The first UltraSPARC processor with on-chip cryptographic accelerators was the UltraSPARC T1 processor; each of the processor's eight cores has an associated crypto accelerator that is targeted at offloading/accelerating public-key cryptography. Basically, this accelerator, termed the modular arithmetic unit (MAU), performs modular exponentiation operations that lie at the heart of algorithms such as RSA and Diffie-Hellman.
With the UltraSPARC T2 processor, each core's crypto accelerator retains its MAU unit, but is also enhanced by the introduction of a cipher/hash unit:
- UltraSPARC T1 accelerators (MAUs):
- Target modular arithmetic operations
- Accelerate public-key cryptography (e.g. RSA, DSA, Diffie-Hellman)
- UltraSPARC T2 accelerators also accelerate:
- Bulk encryption (RC4, DES, 3DES, AES)
- Secure hash (MD5, SHA-1, SHA-256)
- Additional public key algorithms (Elliptic Curve Cryptography)

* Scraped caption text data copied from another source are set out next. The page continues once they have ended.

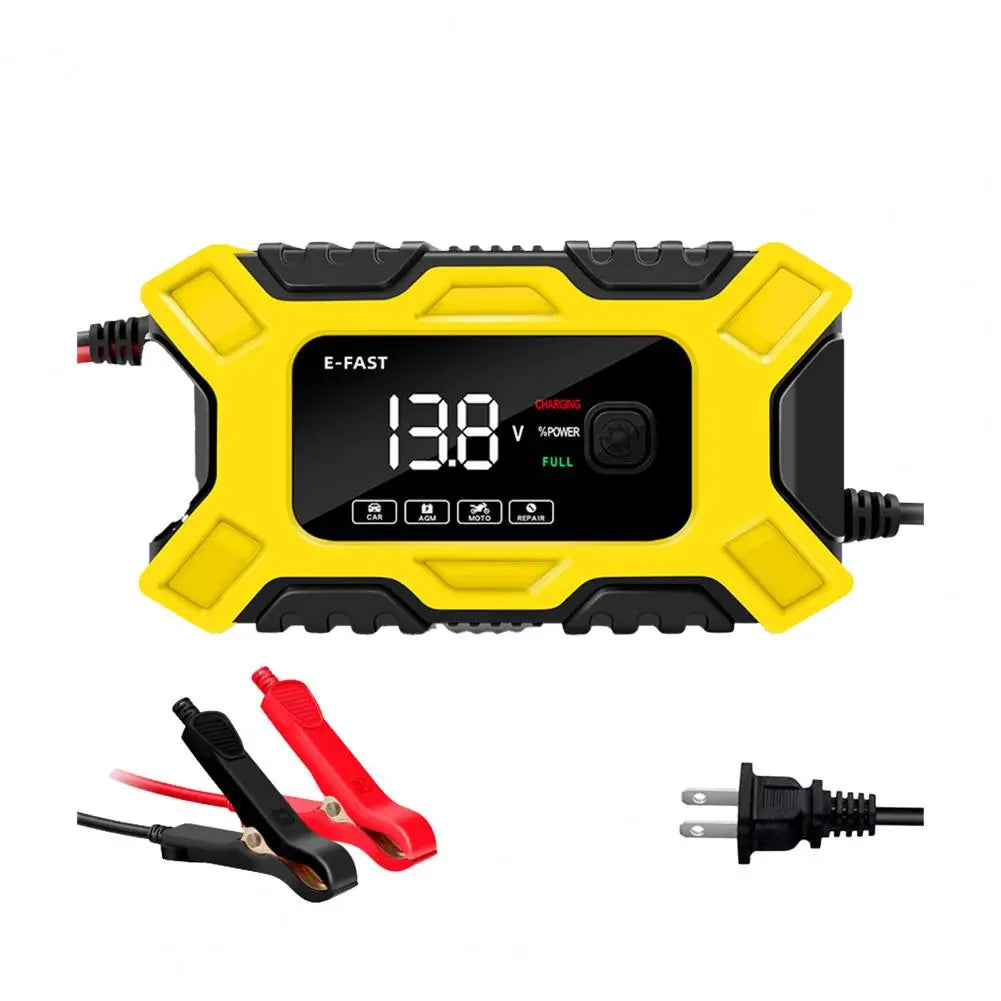 Car Battery Charger 12V Intelligent Pulse Repair LCD Display Car Battery Motorcycle Battery Charging Battery Repair Charger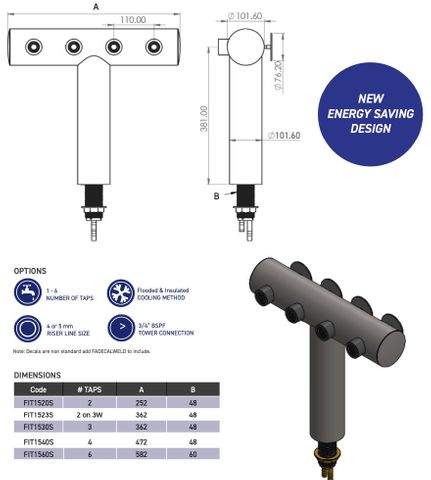 Font / Insulated Tee Bar 4" / 15" / Flooded / Stainless / 5W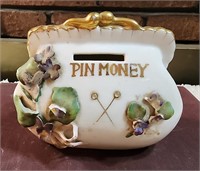 1950s ceramic bank, "pin money"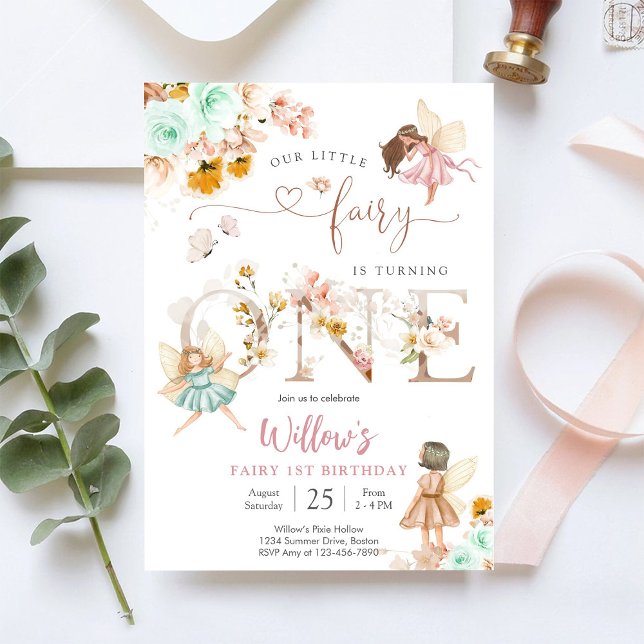 Convite Fairy 1st Birthday Invitation (Criador carregado)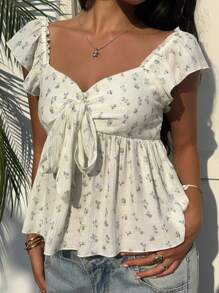 MainGRL 1 chiếc áo thun nữ mùa hè dệt hoa màu xanh nhạt, thời trang - Nhiều màu - Xem 6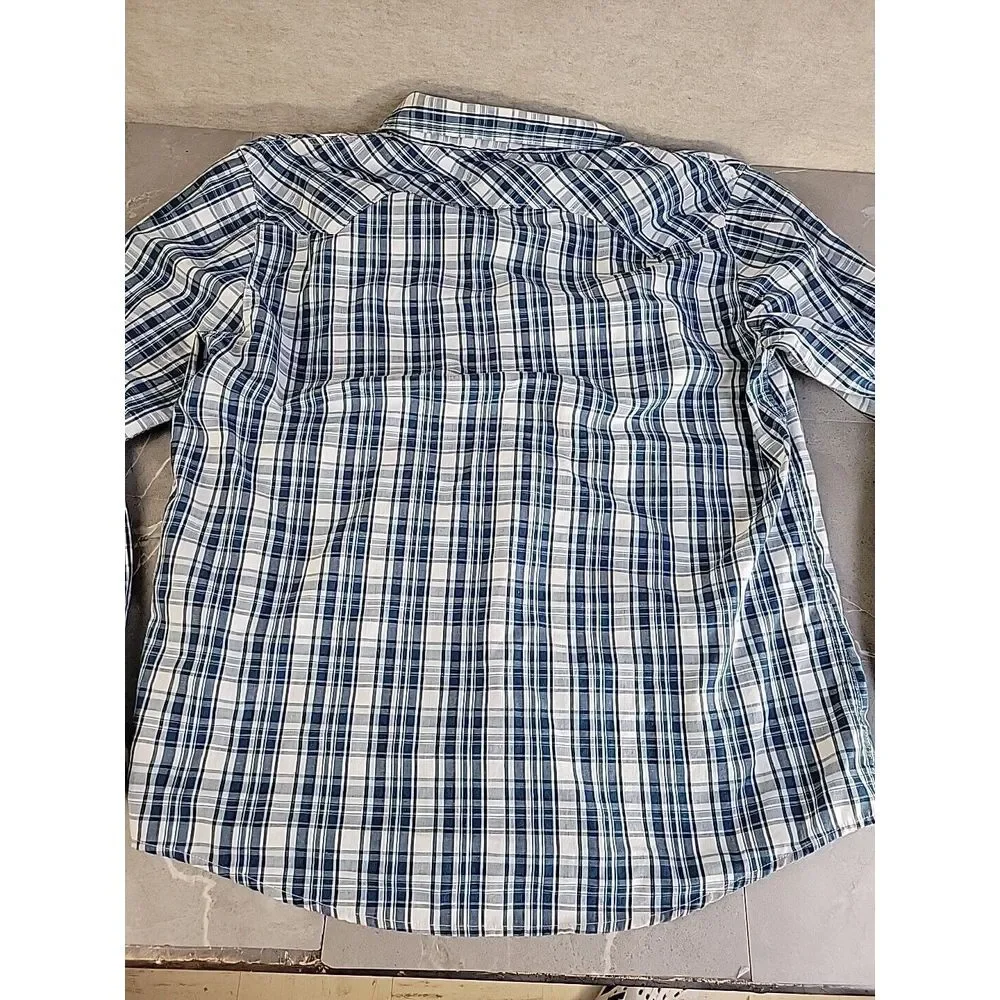 Levis‎ Pearl Snap Western Men's Shirt  XXL 2XL Blue Plaid Long Sleeve White Tab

On the T2, the two sub-units that constitute the accelerator can operate in parallel, such that each core's accelerator can be performing an RSA operation and an AES operation in parallel, as illustrated in the following figure:
-

Communication with the cipher/hash unit is via a memory-based control word queue. To offload an operation to the accelerator, it is necessary to generate a control-word that provides the accelerator with the information required to perform the operation e.g. pointers to src, dst, keys, IVs. As a result, the accelerator is essentially stateless, which is extremely important in application spaces where there can be literally thousands of simultaneous connections (e.g. Secure Web, Secure VoIP). Additionally, given this light-weight interface, the overheads associated with offloading an operation to the accelerator can be extremely minimal, allowing even short duration operations to be cost effectively offloaded.
It is possible to interact with the accelerator in a synchronous or asynchronous manner, such that, if desired, it possible to go off and perform other useful processing on the core while the crypto operation is being performed in parallel on the accelerator; this provides an additional level of parallelism that is not achieved when ISA customization is used to achieve crypto acceleration.
Why on-chip accelerators?
In comparison to using onchip crypto accelerators, the use of offchip, look-aside, accelerators, will tend to increase CPU utilization, consume additional I/O bandwidth and introduce additional latency. This tends to make the use of offchip cards problematic for the effective acceleration of bulk ciphers, especially for small or moderately sized packets. While recent announcements for `high-performance' offchip accelerators, using HT or FSB connectivity, may help reduce some of these issues, repeatedly ping-ponging the data off and on chip is inevitably less efficient that using on-chip accelerators that are tightly coupled with the processor cores.
Zero-cost Security?
In today's environment, security is becoming ever more essential, whether the focus be web servers, databases, file systems or networking. However, the high cost associated with security is problematic; if a system that is capable of performing X operations per second when running in an non-secure mode, when transitioned to secure operation, the throughput of operations that the system can sustain will fall drastically. 2X slowdowns are commonplace and 5X, or even 10X, slowdowns are not that uncommon.
As a result of this high cost, there is often significant reluctance to develop and deploy the comprehensive security strategies that are required in today's world; leading to the serious consequences that we read about all too frequently.
So what is typically done to remedy this situation?
Looking at these security overheads, the vast majority of the overhead is frequently attributable to the cryptographic operations that underpin the security protocols. However, general purpose processors are ill suited to performing cryptographic operations. As a result, there is significant advantages to offloading the cryptographic processing to custom hardware that can perform the operations orders of magnitude faster than can be achieved on the processor.
Accordingly, accelerators should allow the conversion of the significant security overheads into virtually negligible overheads. Essentially, accelerators should allow us to achieve zero cost security! (by which I mean that there should be a negligible performance impact associated with going secure).
Unfortunately, accelerators have largely failed to deliver on this.
This is basically a result of the way we have architected and deployed accelerators; we have a system, and then, almost as an afterthought, we add in the PCI-based accelerator card. With this architecture, the cost of offloading an operation to the accelerator can be very high, significantly limiting the type of cryptographic operation that can be cost effectively offloaded; its frequently more cost effective to just perform the processing on the processor!
With the UltraSPARC T2 processor, we have moved the crypto accelerators on-chip and tightly coupled them with the processor cores. As a result, it has been possible to radically reduce the overheads associated with offloading an operation to the accelerators. In turn, this allows the T2 accelerators to cost effectively handle a much broader range of cryptographic operations than traditional offchip accelerators and enables the UltraSPARC T2 processor to deliver zero cost security in a wide variety of application spaces.